Ego Is The Enemy starts off with a strong testament: The type of people who tend to succeed early, tend to be the same kind of people who are in danger of ego taking the predominant voice in their actions. As your body of accomplishments grow, your ego may follow, installing itself in you as an arrogance. Arrogance is often confused with power and self-confidence, both by the person, and by people around them. Ego is a soothing voice. It’s comforting. Pursuing great work, in arts, business or sports is a terrifying endeavor. Ego will justify not doing so, reminding us of our past great accomplishments. Replacing our uncertainty with self-absorption. It will tell us exactly what we want to hear, when we want to hear it. This is extremely dangerous. Instead of sitting with our heads down, and getting work done, the ego will lead us in the direction of the work that is more public. More easily recognized. It will take all the short term leaps it can.

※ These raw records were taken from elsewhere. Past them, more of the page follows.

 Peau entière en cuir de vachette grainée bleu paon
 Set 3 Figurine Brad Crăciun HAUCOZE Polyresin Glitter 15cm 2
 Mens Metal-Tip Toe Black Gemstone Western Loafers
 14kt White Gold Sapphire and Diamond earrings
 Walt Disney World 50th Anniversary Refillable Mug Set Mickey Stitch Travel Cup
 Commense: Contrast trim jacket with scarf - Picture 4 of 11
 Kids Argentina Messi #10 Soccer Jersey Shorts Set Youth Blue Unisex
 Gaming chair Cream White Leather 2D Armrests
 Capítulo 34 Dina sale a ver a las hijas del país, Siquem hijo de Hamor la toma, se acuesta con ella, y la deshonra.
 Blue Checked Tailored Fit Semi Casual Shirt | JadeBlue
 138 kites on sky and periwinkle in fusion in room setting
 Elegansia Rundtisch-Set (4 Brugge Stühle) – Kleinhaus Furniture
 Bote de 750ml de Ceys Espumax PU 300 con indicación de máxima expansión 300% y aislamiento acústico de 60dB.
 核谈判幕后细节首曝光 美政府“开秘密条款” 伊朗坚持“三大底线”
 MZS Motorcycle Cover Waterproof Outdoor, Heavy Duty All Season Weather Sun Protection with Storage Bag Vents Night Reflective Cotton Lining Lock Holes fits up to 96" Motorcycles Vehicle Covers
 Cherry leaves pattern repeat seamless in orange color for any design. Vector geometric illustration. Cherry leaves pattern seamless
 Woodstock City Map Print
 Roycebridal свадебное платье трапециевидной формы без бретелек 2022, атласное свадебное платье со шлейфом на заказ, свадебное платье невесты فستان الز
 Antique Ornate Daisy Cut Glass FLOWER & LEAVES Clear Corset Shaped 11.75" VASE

But what does ego know? The ego was built by accomplishments that predated the strong ego. It doesn’t know anything about accomplishing success. Instead, it provides us with a great recipe for how to ruin it. Ego is what causes Kanye to go from the medium that built his ego, music, to fronts he’s convinced he can succeed in. Fashion. Arguably one of the most competitive, chaotic industries in the world. Kanye is convinced he can succeed here, but he is not. He is letting his ego carry from one accomplishment, to the other. It is not the rational, heads-down, humble, self-aware self that is driving this, it’s the ego. Talent, skill and confidence is not rare. Humility, diligence and self-awareness are.

When let the ego subdue, you will fall into traps of accomplishment. Research shows that goal visualization is important, but at a certain point our brains start to confuse it with actual progress. When I read this, it terrified me, because I am working on a project that has high complexity, high risks and high uncertainty. I spend a lot of time talking with people, collecting information, but how much am I confusing the action of explaining my goal, talking with people, with actual progress? How do I know the difference between the two? Am I talking to them because I want to show them this great project I will do? Am I having the meeting for validation of the ego, or am I having it because I legitimately need information?

Ego actively prevents us from getting better. We know about unknown-unknowns, we know about known unknowns, we know about known-knowns. What people often leave out, are the unknown-knowns. These are our assumptions. Our stereotypes. Our biases. This is our most dangerous vice. The ego completely ignores this. How will we turn anything upside down, if we cannot question our assumptions?

Holiday describes the dangers of passion. There is a survival bias present in the world of passion, where we see all the successes that come from it, but not the order of magnitude of failures that lie behind each success. They are invisible. It doesn’t surface when someone takes a loan in their house, maxes our their credit cards and uses all their SO’s savings to chase an idea. It surfaces when that succeeds, but never when it fails. This is the other side of the medal of passion. The ego loves passion, because it’s a blindfolding tool it can use.

The book touches on the issue of money: by default, we will always want more. If we don’t set ourselves a target, getting more is the easiest path forward. But money comes with significant downsides. You may accumulate habits on the hedonic treadmill that causes you to not rely on this money. This means you may have to say yes to things in the future that you don’t actually want to do. You need targets and metrics, not constant accumulation of money, which usually follows from increasing accumulation of expectations from other people. At this point, you’ve said yes to money over your own freedom. Find poise, not pose.

What is the ego? Holiday is not referring to the Freudian ego. He uses the term to describe the part of you that is always striving for recognition. The part of you that always has an excuse. The part of you that prevents you from getting done what you need to get done. It’s not a power that corrupts, that would be too simple. Instead, it is a force that fragments. It closes options. It mesmerizes. It clouds your mind, and puts blindfolds on you. It decreases your perspective. It makes you see what you want to see. Ego is the default choice, because it’s soothing. That is precisely why we must be cognizant of it, and counter-balance it. In every situation, ask yourself who is acting. Is it you, your goals, your vision, your long-term accomplishments, and your confidence? Or is it your ego?

Ego is the enemy. That is a sentence I’ll repeat to myself after reading this book. This is an extremely important book that I believe I read at the right time. I’m extremely grateful for this book, which is only something that happens every 20-40 books I read.